Psychoanalytical Concepts in Dr Jekyll and Mr Hyde
Psychoanalytical Concepts in Dr. Jekyll and Mr. Hyde Robert Louis Stevenson’s novella “The strange case of Dr. Jekyll and Mr. Hyde” perfectly mirrors the doubling within a personality and also shows us the viciousness within every person. In this context I want to prove throughout this essay, that Freud’s psychoanalytical concepts can be applied onto the main character of the story. Furthermore I want to draw a conclusion, what this means in general to mankind. As the ongoing story reveals Dr. Jekyll and Mr. Hyde are not only closely related to each other, they even share the same human body.
Dr. Jekyll a doctor with clear intellect, of great guise, widely valued and law-abiding and on the other side an ugly person, with great fear and without containment, dwarf like appearance, and “being inherently malign and villainous”(qtd. in Stevenson 91). This shows the model of the human psyche that Freud once discovered. The “super ego, which contains the social and cultural norms” and the id “which harbours the drives. ” (qtd. in EAL 137).
The former can be primarily seen in Dr. Jekyll, who is a cultivated, in the society integrated person and the latter in Mr. Hyde, who is driven by wishes hidden in the depth of his personality The rational part of Dr. Jekyll, the ego tries to mediate between those two. Hence he always tries to conceal his evil character of society by running to his laboratory and taking his medicine. His state of being torn between the lines becomes clearer through the words: “that in the agonized womb of consciousness these polar twins should be continuously struggling” (qtd. in Stevenson 83). Dr. Jekyll invented the drug primarily as he was of the strong opinion “that man is not truly one, but truly two” (qtd. Stevenson 82).
For his scientific and personal purposes, he wanted to separate those two personalities that each of them develops his own way. His intention grew from the conflict every man has to fight, namely between individual needs and social norms-the fight of the id and the super ego. This drug is an interference into the human psyche and makes him aware of his evil thoughts, his subconciousness and seems to unleash all “bonds of obligation”(qtd. in Stevenson 86). He seems to feel pleasure about his new careless identity. Repressed feelings were unleashed and personified, what brings along a feeling of freedom for him.
Psychologically this phenomenon is called the return of the repressed. Desires that are hidden under the surface of a person come up to the surface. This can be seen in the scene of the window, where Dr. Jekyll more and more disappears, because he is missing his medicine and Mr. Hyde gets control. The temptation to be careless and follow ones drives excites the doctor so much that he is building a new parallel life. It not only plays a role within the mind of a person, as in real life, it even appears after a metamorphosis in a completely new character-Mr. Edward Hyde.

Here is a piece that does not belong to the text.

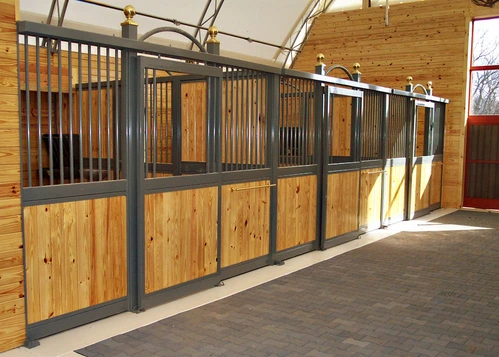 Long barn aisle with sage green stall fronts, natural pine lower panels and black vertical bar upper grills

The uncanny, which lies in every person’s subconsciousness, is sth. hat is familiar and secret and at the same time uncanny (qtd. in EAL p. 139). Hence he also feels great anger after the transformation, as if he becomes aware of his hidden and anxious feelings in his mind. But as things get out of his control the super-ego seizes his conscious and tries to mediate between the id and the super ego by taking medicine. But after a while the temptation to satisfy his drives and the metamorphosis appears incidentally. In the end Mr. Hyde commits suicide not able to control his drives as the only possible solution to the problem, because he is not able to take over the control by his ego-Dr. Jekyll.

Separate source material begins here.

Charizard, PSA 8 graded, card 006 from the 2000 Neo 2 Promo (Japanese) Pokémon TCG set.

In real life everyone seems to have a bad sight of his personality that is hidden in the depth of everyone. But people, deep-rooted in society are highly controlled by the norms of society. But this story shows, if feelings are repressed they might arouse in a person’s mind in such a terrible way one day that dreadful events might follow as often seen on the news. There are people who are able to repress their drives for their whole life, but some of them are not. These are potential candidates to commit crimes.